## Problem statement
For this exercise, reproduce only the lines from the one holding "Buy Komb No" through the final line of the data below, exactly, and omit pictures.

Captioned web images:
=====
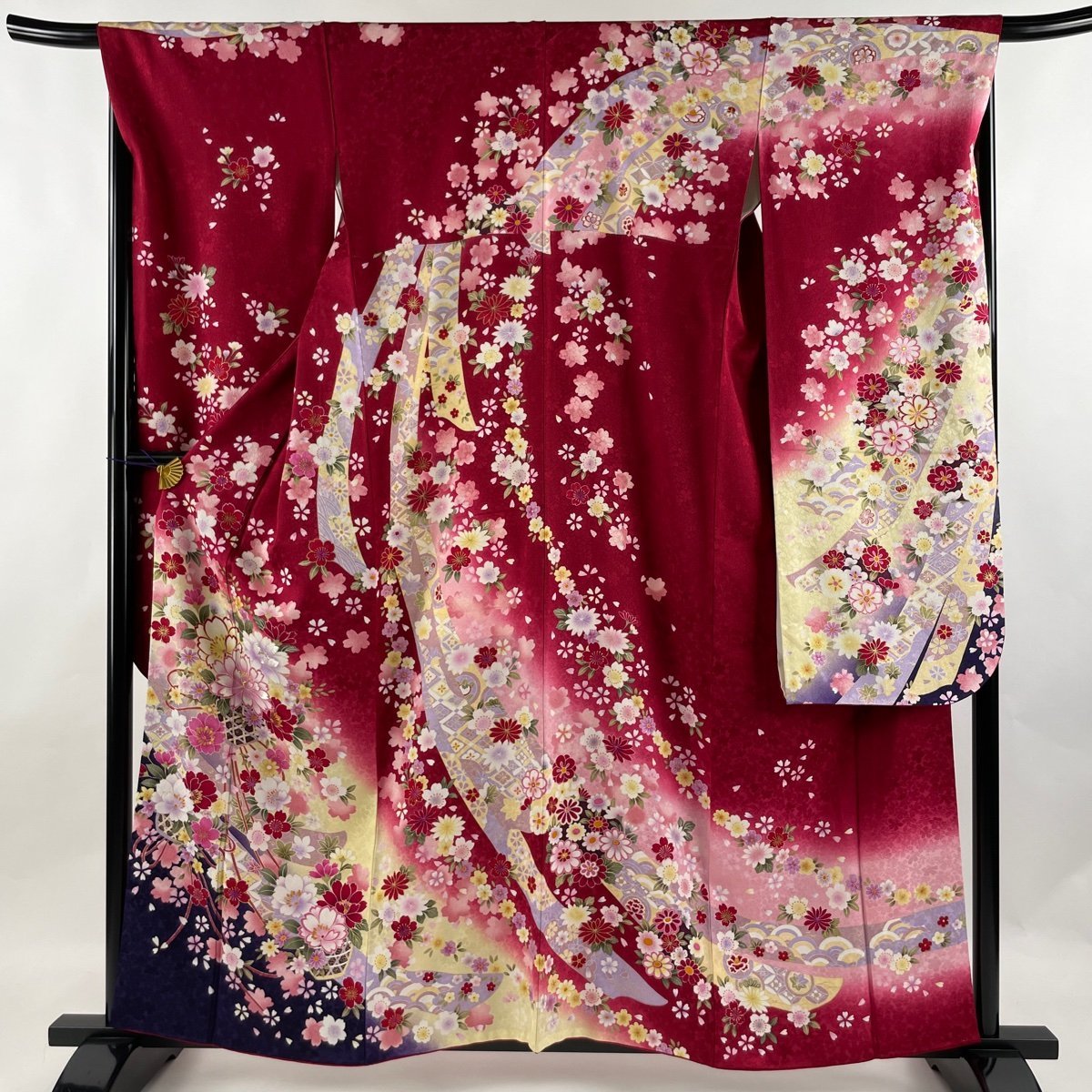 低価格の 赤 金彩 箔 熨斗 花籠 袷 L 裄丈67.5cm 身丈159.5cm 振袖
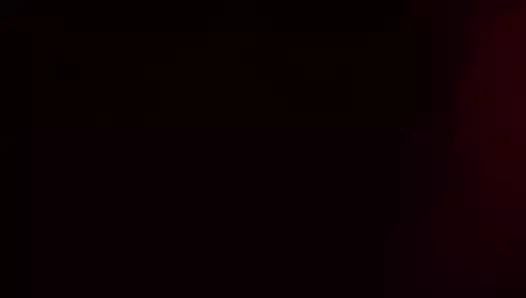 Azgın erkek arkadaş onun yarrakını alırken kızını kaydeder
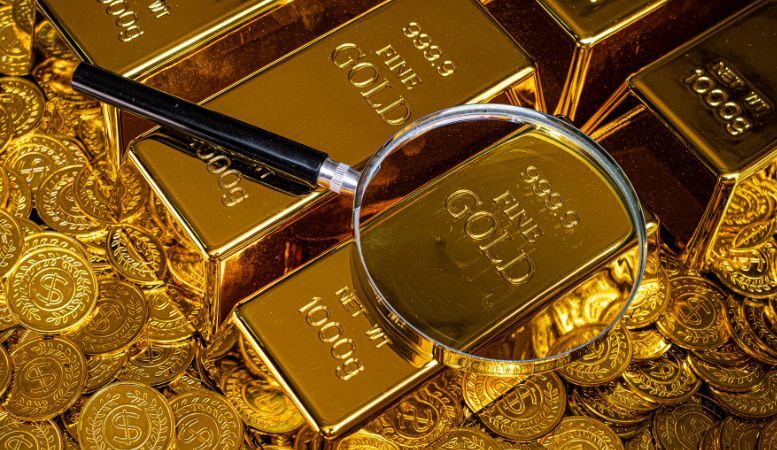 magnifying glass on one kilograms gold bars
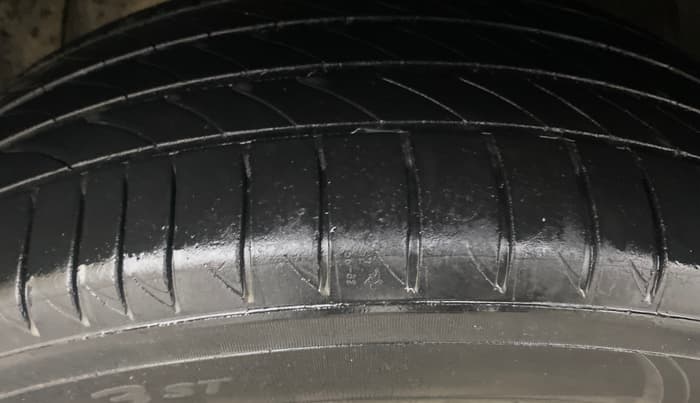 2018 Tata NEXON XT PETROL, Petrol, Manual, 61,927 km, Left Front Tyre Tread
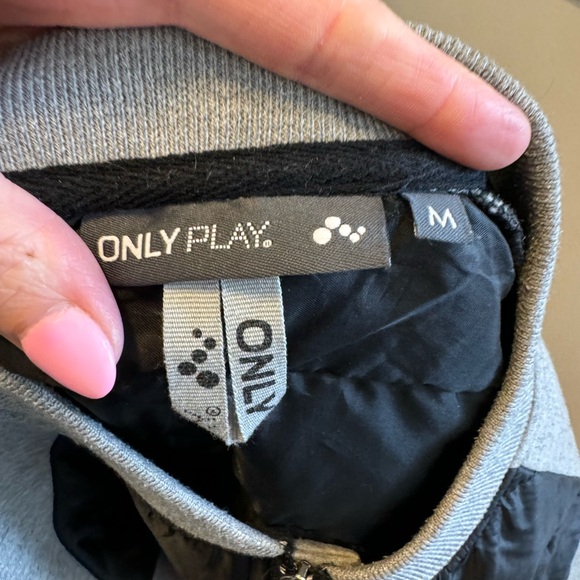 2 FOR $20 ONLY PLAY Gray Hooded Hoodie Jacket Sweatshirt Gray Black Size M - Picture 3 of 9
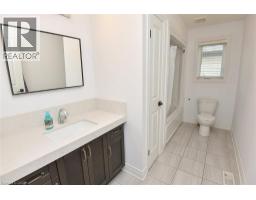 74 LAMPMAN Drive - 39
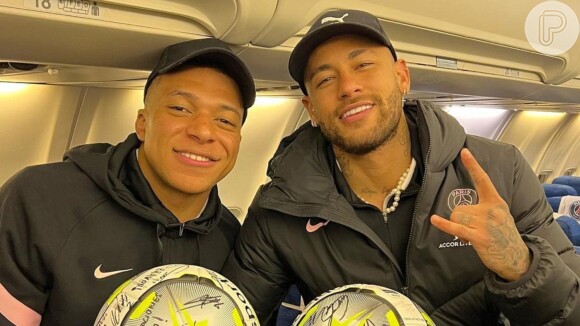 Relação entre Neymar e Mbappé muda após quase saída do brasileiro do PSG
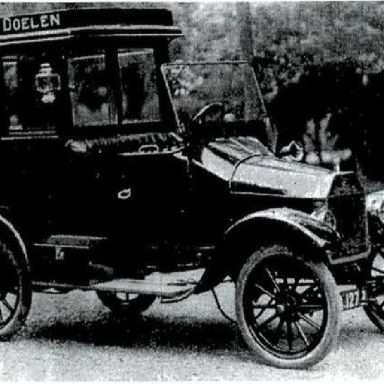 Kenteken: A 1273; Ford Hotelbusje ca. 1914, foto: Conan Bulletin januari 1998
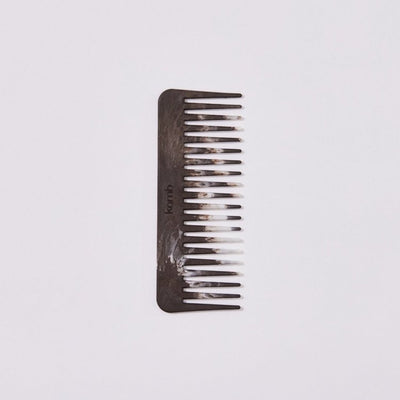 Buy Komb No 1. Wide Tooth Comb (Coffee) at One Fine Secret. Natural & Organic Hair Care Clean Beauty Store in Melbourne, Australia.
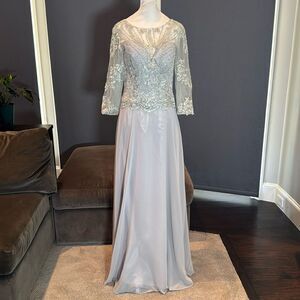Women’s Gray Chiffon Full Length Formal Mother of the Bride Dress ZipBack Size 8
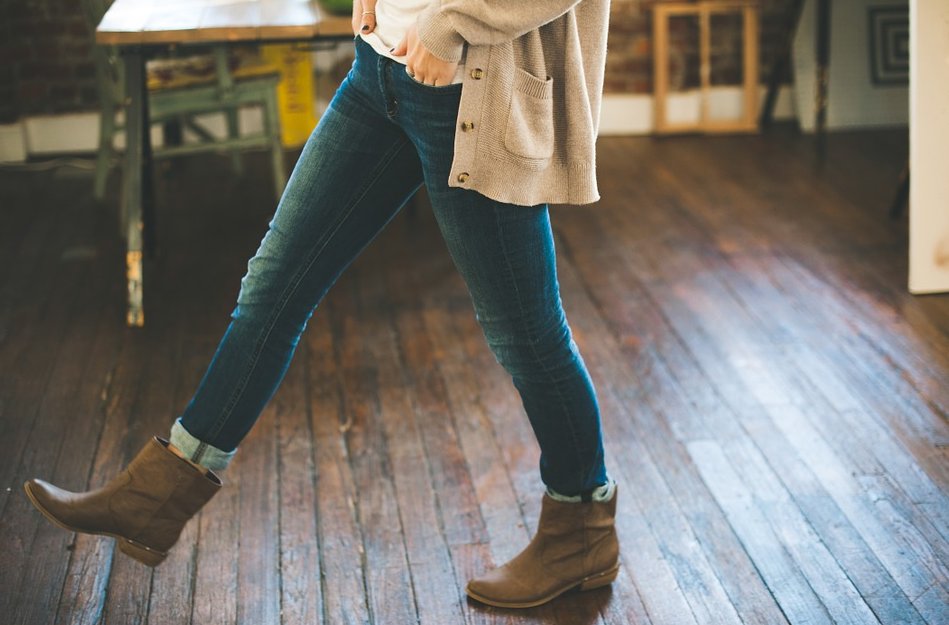 Kaubojke postaju nezaobilazni modni trend među ženama – kaubojke moda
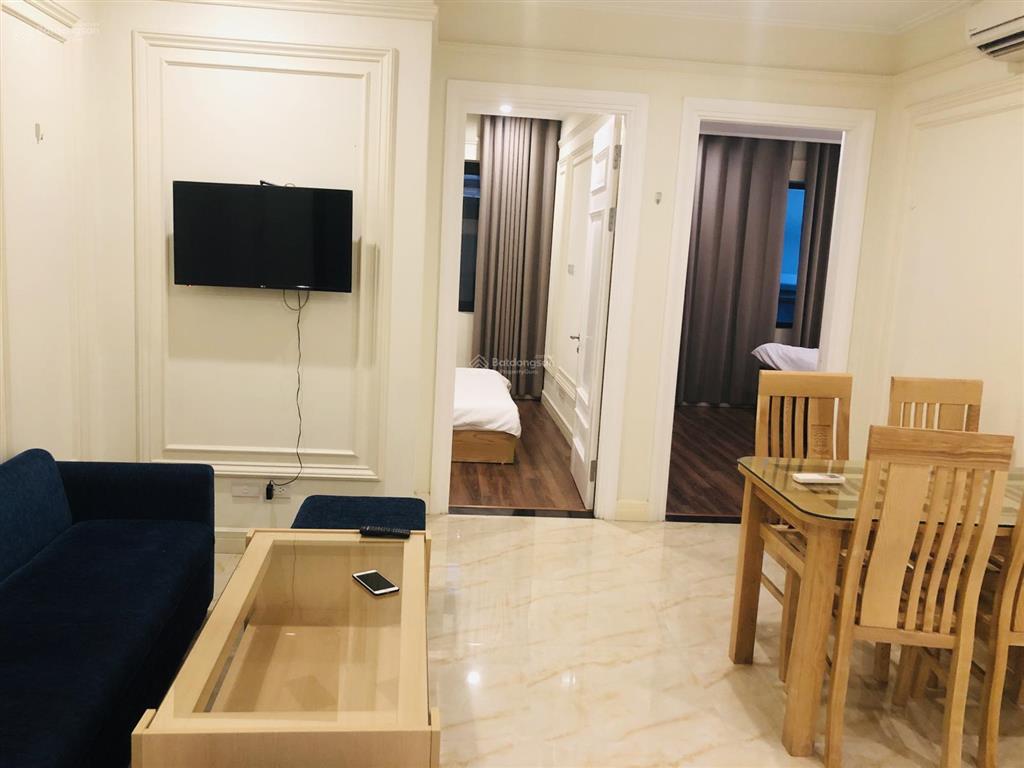 Cho thuê căn hộ 4 phòng ngủ  đội cấn  vạn bảo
=====
## Response for this exercise
 Buy Komb No 1. Wide Tooth Comb (Coffee) at One Fine Secret. Natural & Organic Hair Care Clean Beauty Store in Melbourne, Australia.
Women’s Gray Chiffon Full Length Formal Mother of the Bride Dress ZipBack Size 8
 Kaubojke postaju nezaobilazni modni trend među ženama – kaubojke moda
 Cho thuê căn hộ 4 phòng ngủ  đội cấn  vạn bảo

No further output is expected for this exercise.